* **Exercise details**: Omitting the pictures, print every line below exactly as it stands.
The data: Begin
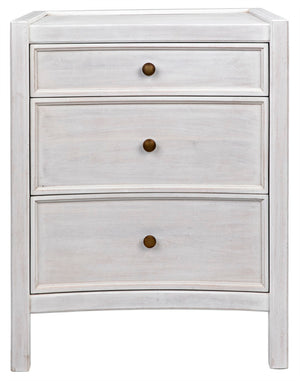 Noir Hampton Night Stand 24" - Elegant Mahogany with Timeless Design and Ample Storage for Your Bedroom White Wash GTAB928WH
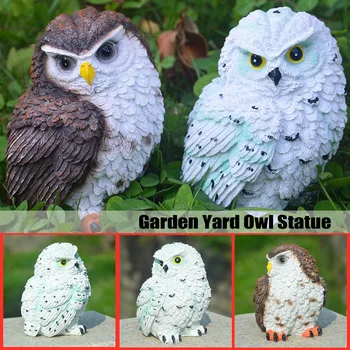 

Garden Yard Owl Statue Sculpture Outdoor Indoor Art Crafts Decor Rainproof Durable Resin Garden Decoration Animal Ornaments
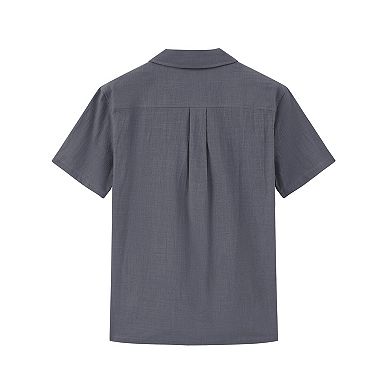 Men's Linen Shirts Short Sleeve Casual Button Down Shirts Cotton Summer Beach Shirt With Pocket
The data: End
* **Response below**:
 Noir Hampton Night Stand 24" - Elegant Mahogany with Timeless Design and Ample Storage for Your Bedroom White Wash GTAB928WH

Garden Yard Owl Statue Sculpture Outdoor Indoor Art Crafts Decor Rainproof Durable Resin Garden Decoration Animal Ornaments
 Men's Linen Shirts Short Sleeve Casual Button Down Shirts Cotton Summer Beach Shirt With Pocket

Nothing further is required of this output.